■ What to do ■
All the lines below should be set down exactly, with no picture carried into the copy.

■ Supplied data ■
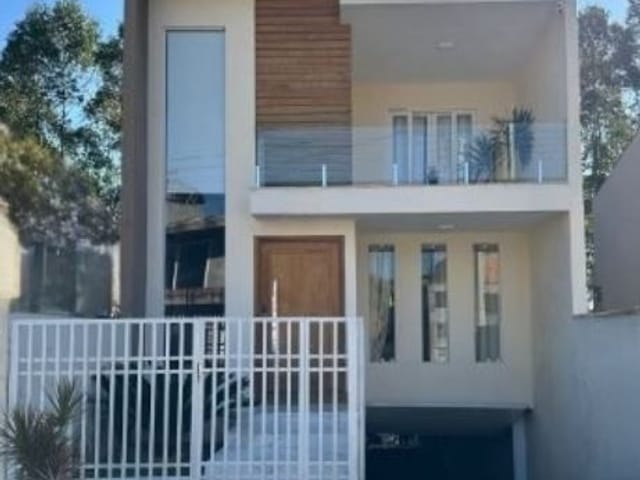 Sobrado com 150m² 3 quartos e 5 banheiros, à venda, no bairro Bosque dos Pereiras em Cotia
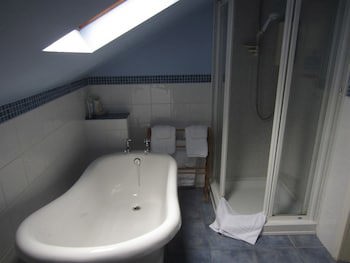 Fairlight Lodge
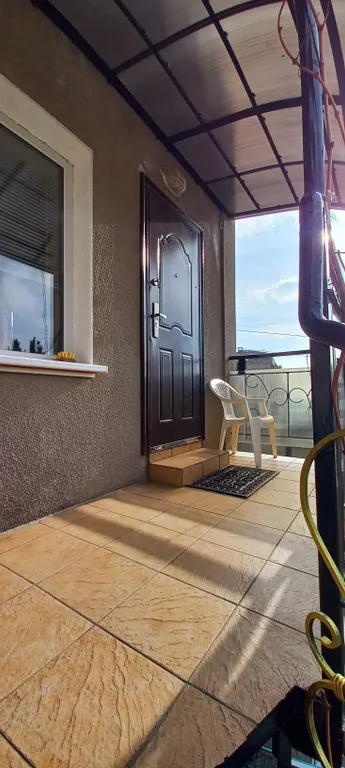 Частный дом с территорией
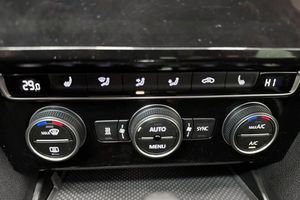 Volkswagen Passat bild 13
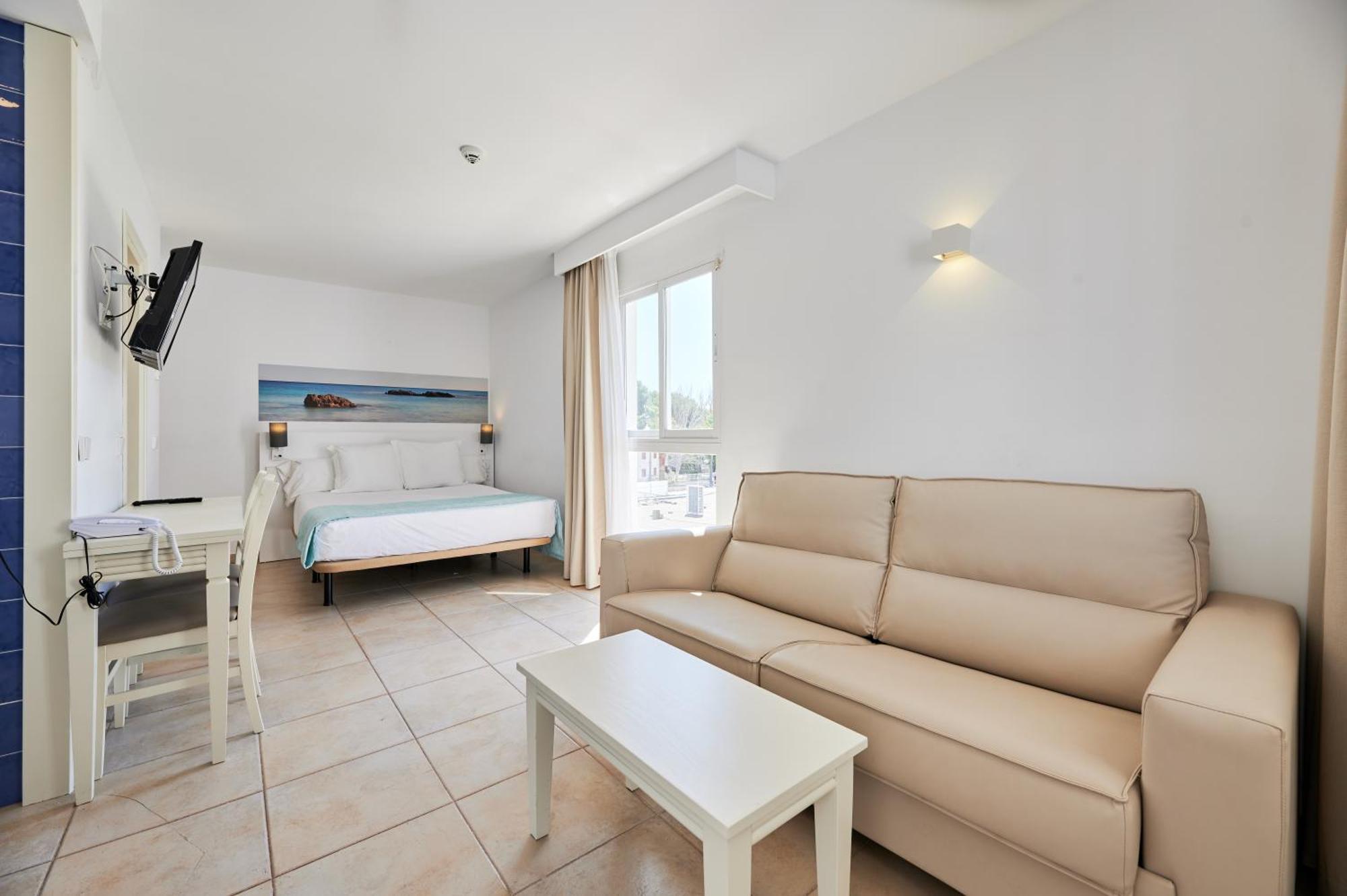 Aluasun Continental Park Hotel & Apartments Playa de Muro  Ngoại thất bức ảnh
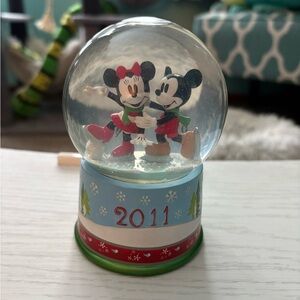 Disney 2011 Mickey & Minnie snowglobe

■ Written response ■
 Sobrado com 150m² 3 quartos e 5 banheiros, à venda, no bairro Bosque dos Pereiras em Cotia
 Fairlight Lodge
 Частный дом с территорией
 Volkswagen Passat bild 13
 Aluasun Continental Park Hotel & Apartments Playa de Muro  Ngoại thất bức ảnh
 Disney 2011 Mickey & Minnie snowglobe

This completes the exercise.